Il récidivait en quelque sorte, dans un article du Matin paru le 18 juillet 1914 :
« Aussi, quoi que l'on puisse prétendre, l'explication de notre insuffisante préparation matérielle réside évidemment, pour la plus grande part, dans la comparaison des crédits consacrés à la défense nationale.-« Alors que, depuis 1906, les Allemands dépensaient 1 400 millions (francs) pour leur armements, disait fort justement l'autre jour M. André Lefèvre, nous ne dépensions, nous, que 700 millions. Par conséquent, s'il y avait une surprise à avoir, ce ne serait pas que nous ne puissions pas posséder un matériel de guerre moins perfectionné : ce serait que nous fussions AUSSI BIEN MUNIS EN AYANT DEPENSE MOINS ! »
« Rogner sur les crédits de la défense nationale, pour équilibrer un budget, est un expédient facile. Pendant plusieurs années, il fut constamment adopté de ce côté-ci des Vosges, sans se demander si un jour prochain ne viendrait pas, où il faut combler en toute hâte, par des emprunts ou autrement, l'abîme qu'on laissait imprudemment se creuser.
« Car, pendant que nous réduisions nos dépenses, l'Allemagne augmentait les siennes. Pour s'en rendre compte, il n'y a qu'à jeter les yeux sur les graphiques qui font éloquemment ressortir, depuis 1900, les efforts respectifs des deux nations. Il sont, pour ainsi dire, L'EXPRESSION TANGIBLE DE NOTRE ERREUR.
« Chez nous, deux ondes successives, deux courbes descendantes, hélas !L'une qui s'étend de 1901 à 1905, et qui, brusquement, est interrompue par le coup de théâtre de Tanger.
« Puis, pendant deux ans, c'est une flèche. Les ministres Berteaux et Etienne sont obligés, avec l'approbation de la commission du budget, de dépenser plus de 200 millions, hors budget, pour précipitamment nous réapprovisionner.
« Cet avertissement si cruel aurait dû nous servir ; cependant, de 1906 à 1909, c'est de notre part, une nouvelle chute, à laquelle correspond, du côté allemand, une forte ondulation EN SENS CONTRAIRE.

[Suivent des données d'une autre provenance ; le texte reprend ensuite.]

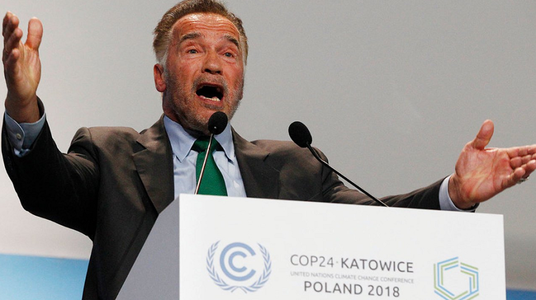 America rămâne ”verde” în pofida liderului ei ”nebun” Trump, afirmă Schwarzenegger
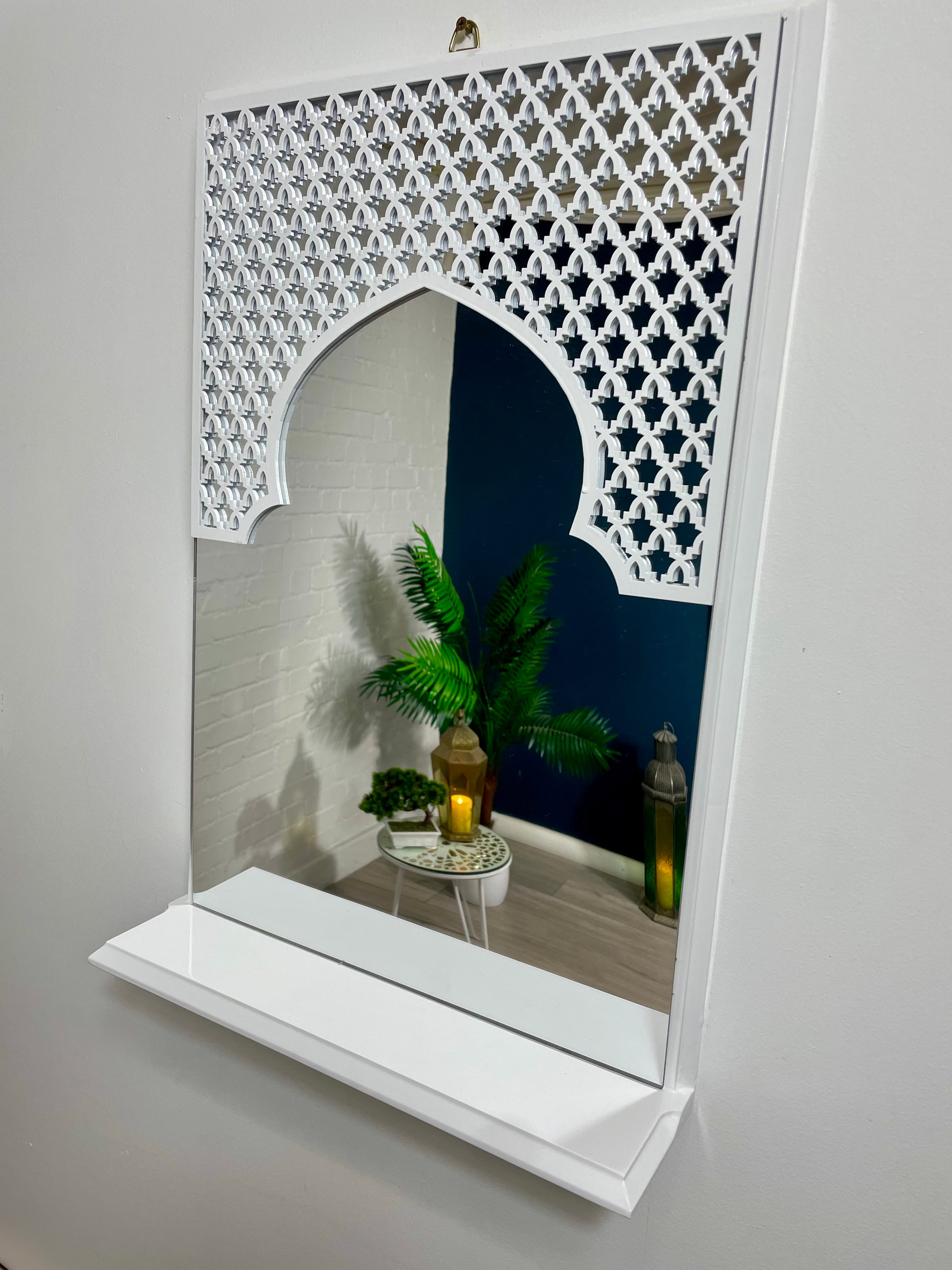 White Moroccan Arch Mirror Shelf with Acrylic Mirror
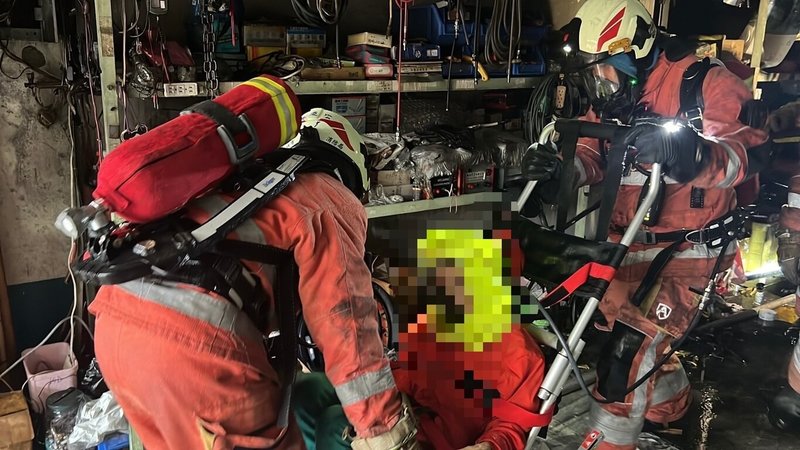 新竹市香山區中華路四段1棟住宅14日下午發生火警，警消布線入室撲滅火勢，並在3樓及4樓頂樓平台救出2名婦人送醫。（新竹市消防局提供）中央社記者魯鋼駿傳真　115年6月14日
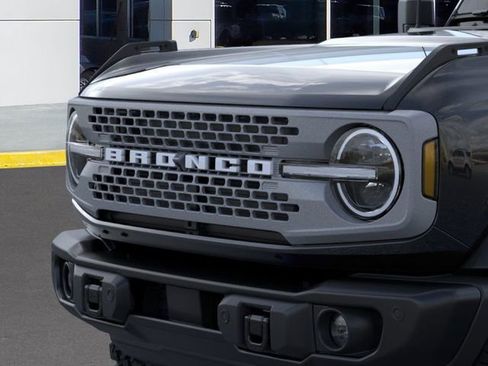 New 2026 Ford Bronco Badlands image 22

« Les dépenses extraordinaires réelles de la Guerre tombent chez nous de 137 millions en 1906 à 92 en 1907, puis seulement à 60 en 1908 et à 66 en 1909.
« Ce n'est qu'en 1910 qu'elles se relèvent à 95 millions. Pendant ce temps, pendant ces trois années, l'Allemagne, loin de nous imiter dans nos réductions, dépensa :
En 1907. . . 193 millions, contre 92 de notre côté.
En 1908 . . . 241 ---- 60 -----
En 1909. . . 215 ---- 66 ------
« Au total, 431 millions de plus que nous. Avec cette somme, nous aurions pu, TOUT COMME ELLE ET EN MEME TEMPS QU'ELLE, construire un matériel moderne d'artillerie lourde analogue à celui qui établit sa supériorité présente !»
Et ces lignes sont du 18 juillet 1914 ! Et elles son écrites par un député -modéré- certes ! Mais néanmoins sincèrement républicain...
Alors, absence de cartes de la Belgique (oui, car Joffre n'avait pas prévu d'engager des troupes à l'ouest de la Meuse), tactique surannée et meurtrière, il n'empêche que l'absence de mortiers et de canons lourds fut un grave handicap pour l'armée française de 1914, sans compter l'absence de munitions, après la bataille de la Marne, ce qui contraignait à lancer les hommes à l'assaut des tranchées allemandes quasiment sans appui d'artillerie !
La responsabilité des généraux est une chose (dans ces colonnes, on ne se prive pas à juste titre de les dénoncer), celle des ministres en est une autre, incontestable, imparable et, -disons-le- gravissime ! Or, je trouve qu'elle a été passée -le plus souvent- par pertes et profit ! Pour ne pas dire sous silence !!!
Je n'aurais pas la cruauté d'en dresser la liste (celle des présidents du Conseil, des ministres de la Guerre et des Finances) ! D'autres s'en chargeront... Mais l'Histoire ne saurait l'ignorer !
Et je n'aurais garde de rappeler les démissions du généralissime Hagron en 1907 qui poussa un cri d'alarme ni celle du général Michel en 1911.